Angela’s counterpoint
- Taking photos can be a form of engagement, not distraction.
- If you’re capturing an experience for yourself or others, the phone can complement the event rather than replace it.
What the research suggests
Angela cites research showing that:
- Taking photos can increase enjoyment, but mostly when it makes people more engaged.
- If the experience is already highly immersive—or if filming gets in the way—then phones can reduce presence.
Important nuance
The hosts agree that:
- Phones can enhance memory, sharing, and perspective
- But they can also create psychological distance when immersion matters most, such as at graduations or other intimate milestones.
Broader Implications of Camera Culture
The discussion expands from personal annoyance to societal consequences:
- Cameras everywhere can increase accountability.
- They can help document crimes and abuses of power.
- They can also be useful for ordinary civic purposes, such as speed cameras and red-light cameras.
Their conclusion: the issue is not simply “phones are bad,” but that cameras now shape both personal memory and public life in powerful ways.
Key Takeaways
- Generational conflict is often exaggerated; age and developmental stage may explain much of the friction.
- Empathy is hard, even with our own past selves, so empathy across generations is naturally difficult.
- Irritation can be informative if you pause to ask what it’s telling you.
- Phones at events are not automatically harmful; they can increase engagement or memory in some contexts.
- Context matters: filming can be valuable at some events and distracting at others.
- More cameras in society can improve accountability and evidence, even if they complicate privacy and presence.

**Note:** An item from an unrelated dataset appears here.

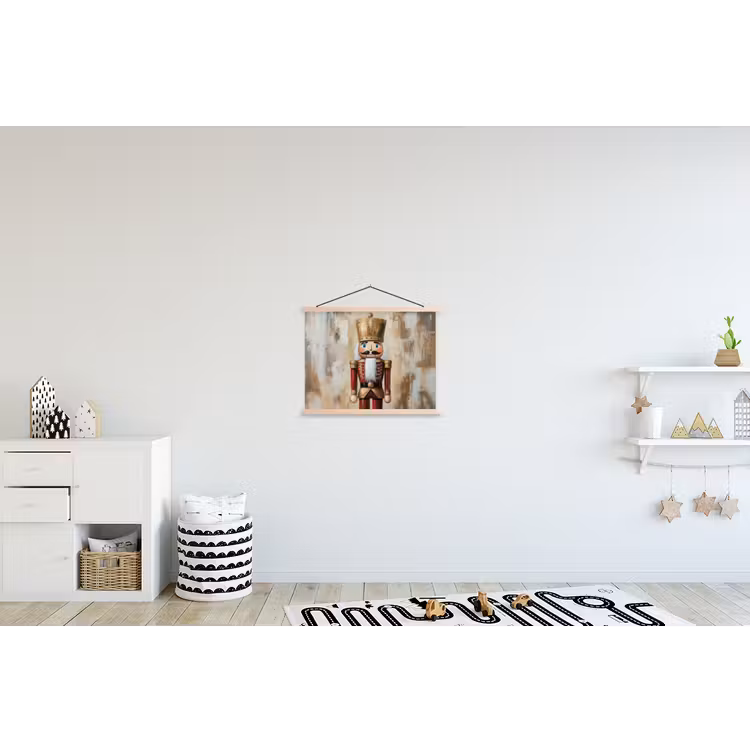 Kerst - Poppetje - Abstract textielposter latten blank klein -kinderkamer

Fact Check and Corrections
Marshmallows and Twinkies
- Neither marshmallows nor Twinkies are shelf-stable “forever.”
- Twinkies are generally suggested to be eaten within about 45 days.
- Marshmallows have a longer shelf life, but not an infinite one.
William’s age
- Despite sounding older in his email, William is actually 29.
Olympics details
- Boris Johnson did not zipline into the stadium; he zipped over Victoria Park during the London 2012 opening festivities.
- Queen Elizabeth II and Daniel Craig did appear in the James Bond skit.
- The NHS hospital-bed dance segment was accurately recalled.
Photo-taking study funding
- The study Angela referenced was not funded by Yale or federal dollars.
- It was funded by the Marketing Science Institute and grants from Angela’s own Wharton School at the University of Pennsylvania.
Bottom Line
The episode argues that both generational conflict and phone-related etiquette are more nuanced than they first appear. People are often less divided by birth cohort than by stage of life, emotional state, and context. And while phones can be a distraction, they can also enhance memory, meaning, and accountability—depending on how and why they’re used.